Qu’est-ce que le Mal ? Pour certains il est peut être inné, mais pour la majorité il s’empare de nous suite à une tragédie, une injustice , des désirs d’argent ou de puissance. Le Joker exploite les faiblesses de l’humain pour le détourner du droit chemin et l’amener au pire. C’est ainsi que se succèdent des scènes pleines de suspense aussi sadiques que bien ficelées. Oui, nous sommes des êtres faibles et face au Joker et ses raisonnements nous pourrions peut être tous succomber. Si Batman est infiniment gentil naturellement, le Joker est son exact opposé. A quoi bon lui chercher des excuses, s’efforcer de comprendre le pourquoi. Le bougre s’amuse justement avec cette recherche d’explications en divulgant des confidences erronées. Il faut juste se faire à l’idée que parfois, il y a de vrais malades et qu’ils agissent juste pour le plaisir de tout casser. Et c’est en cela que le Joker est terrifiant. Car il est obsédé non seulement à nous montrer que la vie est pourrie mais qu’on l’est encore plus nous-mêmes. Et contrairement à Batman qui est aussi Bruce Wayne, le Joker n'existe que par son personnage de contre justicier. Il a alors une force, un tempérament impossible à cerner et donc incontrôlable.

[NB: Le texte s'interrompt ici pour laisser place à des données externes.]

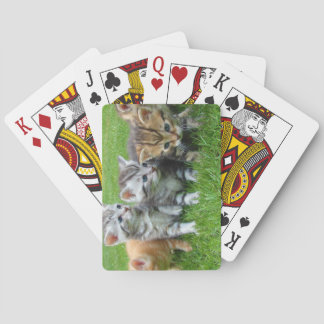 Jeu De Cartes Chatons bruns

Sur toute sa durée, Batman voit donc noir. C’est sans aucun doute le film de super héros le plus noir de toute l’Histoire du cinéma. Le début commence gentiment avec un petit climat dépressif avant de nous entrainer dans un énorme cauchemar. Plongés au milieu du chaos de Gotham City, face à ce spectacle effrayant, nous sommes impuissants et ne pouvons jamais anticiper la suite. Le scénario ose ainsi de véritables tours de force qui permettent une intensité rarement égalée. Le choix de remplacer Katie Holmes par Maggie Gyllenhaal pouvait paraître douteux à la base mais force est de constater que la sœur de Jake fait plus femme que la Joey de Dawson. Maggie Gyllenhaal a un côté plus froid et mystérieux, Katie Holmes était sans doute trop lisse pour ce nouvel opus (même si on sait bien que la raison de son renvoi est lié à sa promotion excessive lors du premier opus avec tout ce cirque « TomKat »).
Evitant les scènes d’action inutiles, The Dark knight ne manque pas de souffle pour autant. Nolan pose parfaitement ses personnages et on évolue avec eux. On vit avec Harvey Dent sa descente aux enfers, on partage les doutes de Batman et on se laisse draguer par ce monstrueux et charismatique Joker… Tout est tellement maitrisé, réfléchi, bien interprété qu’on en viendrait à clamer que Nolan est un génie. Ne vous posez pas la question, ne jouez pas votre séance à pile ou face : ce film là est à voir pour tous ceux qui aiment le grand cinéma.